In 2012, for example, the FTC fined Google $22.5 million for violating a 2011 settlement. “Facebook, I think, has gotten a lot better since the FTC went after them,” McGeveran says.

In Uber’s case, the FTC alleged in a complaint that the company claimed to follow “standard, industry-wide, commercially reasonable security practices” but often did not. For example, Uber left user data unencrypted on a cloud service that many people within the company could access, according to the FTC’s complaint. Plus the engineers who had access all used the same encryption keys. That’s a bit like leaving all its users’ personal data in unlocked filing cabinets inside a building for which every employee has a key. All it would take for an outsider to gain access was for an employee to leave their key in plain sight. That’s exactly what happened in May 2014, the FTC complaint says, when someone breached Uber’s server using an encryption key that an engineer accidentally posted to a public website.

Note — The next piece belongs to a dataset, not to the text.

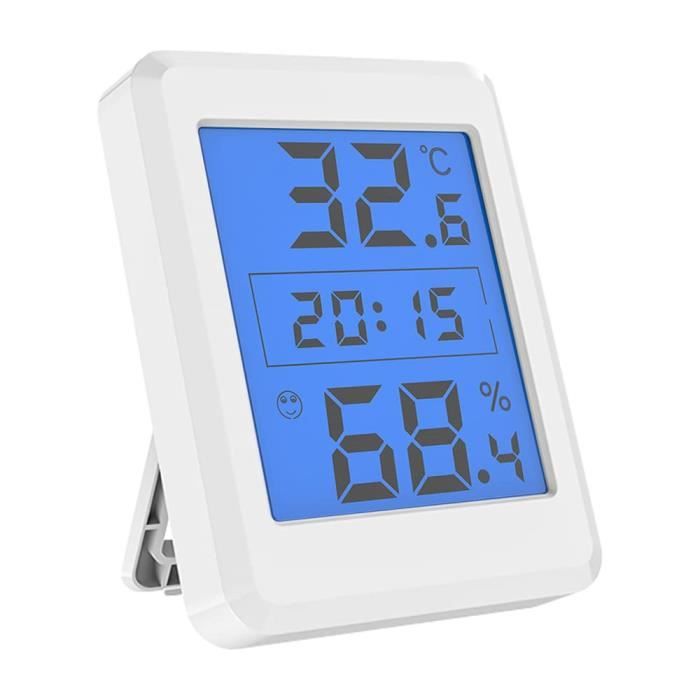 Thermomètre Hygromètre D'intérieur - Mesure Température Et Humidité - Ecran LCD Avec Smiley - Plage -10°C à 70°C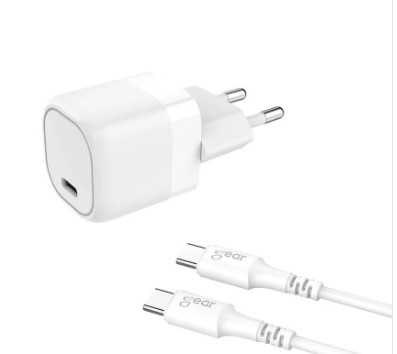 GEAR Lader 220V 1xUSB-C White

Tuesday’s agreement may not be the end of Uber’s problems with the FTC either. Hartzog says a recent paper by University of Washington law professor Ryan Calo and multidisciplinary researcher Alex Rosenblat of the research institute Data & Society points to other potential privacy concerns, such as monitoring how much battery power remains on a user’s device, because users with little juice might be willing to pay more for a ride.

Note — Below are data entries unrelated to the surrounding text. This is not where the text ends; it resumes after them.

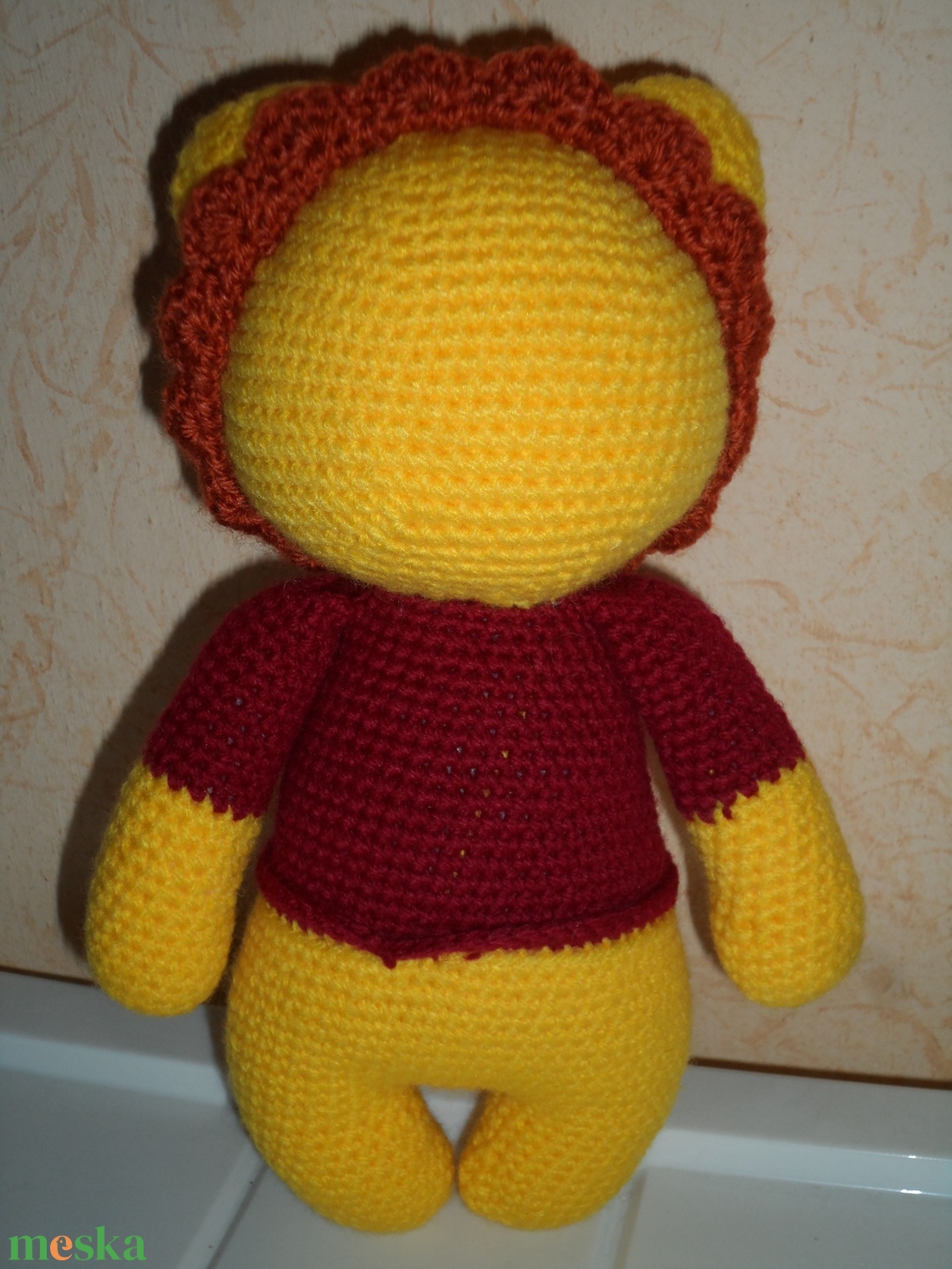 Oroszlán - játék & sport - plüssállat & játékfigura - más figura - Meska.hu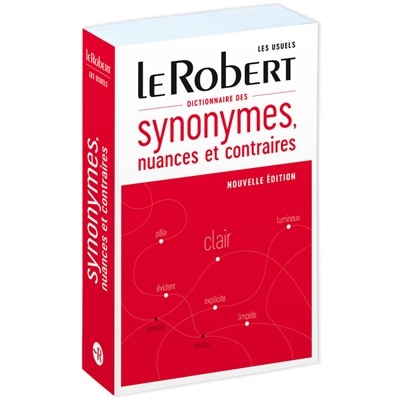 Front cover_Dictionnaire des synonymes, nuances et contraires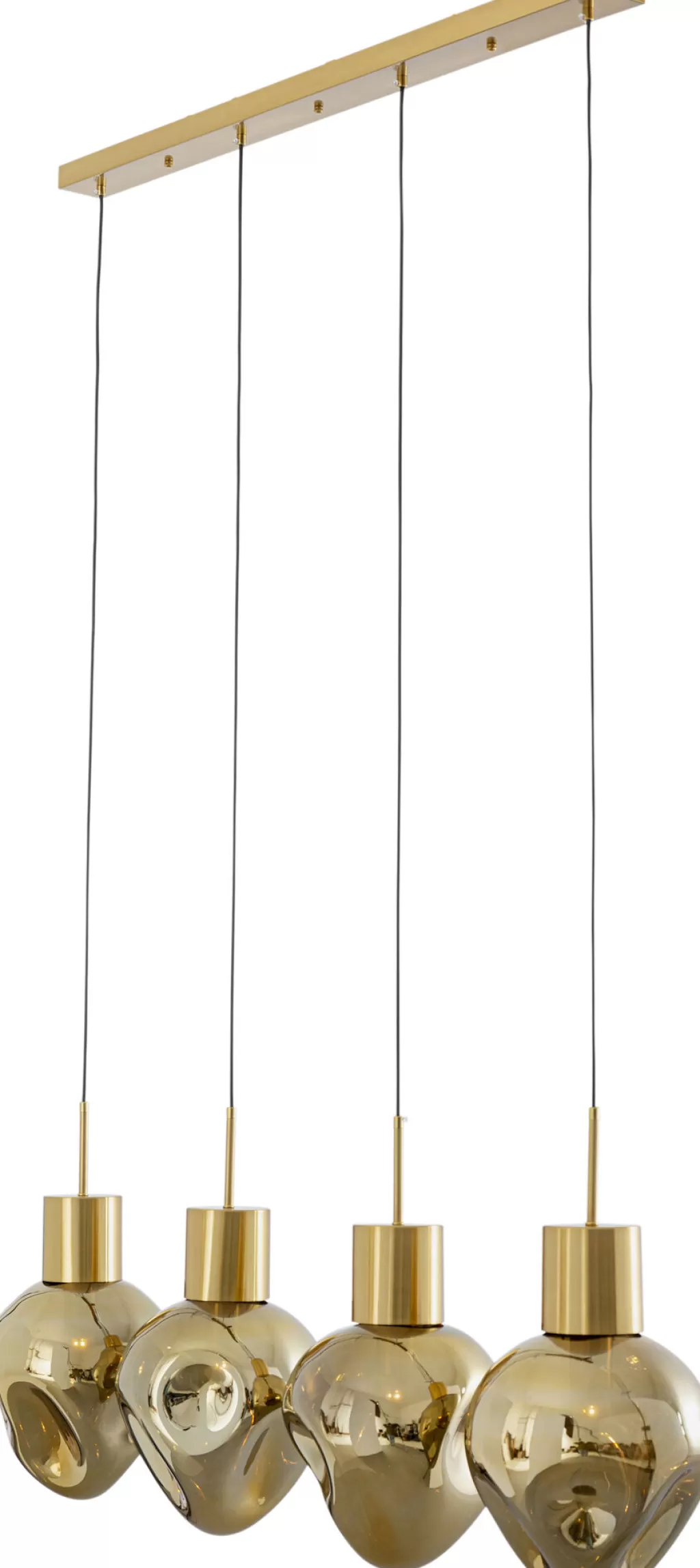 Lustre suspendif design KARE Supernova - Effet ambré chaleureux, Longueur 110 cm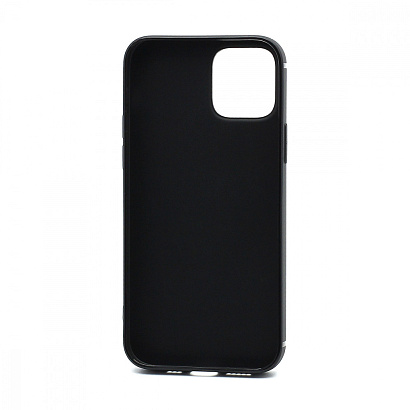 Чехол OU Lovely Fruit для Apple iPhone 12/12 Pro/6.1 силикон в блистере матовый чёрный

“When a company can design an environment from scratch, track consumer behavior in that environment, and change the conditions throughout that environment based on what the firm observes, the possibilities to manipulate are legion,” Calo and Rosenblat write. “Companies can reach consumers at their most vulnerable, nudge them into overconsumption, and charge each consumer the most he or she may be willing to pay.”

Going after Uber and similar companies over less-visible privacy practices will be harder than making the case that led to Tuesday’s settlement, however. Consent decrees are a safe way to make a case stick, Hartzog explains. Given the FTC’s limited powers, it will be harder to convince a judge that a harsher penalty is warranted.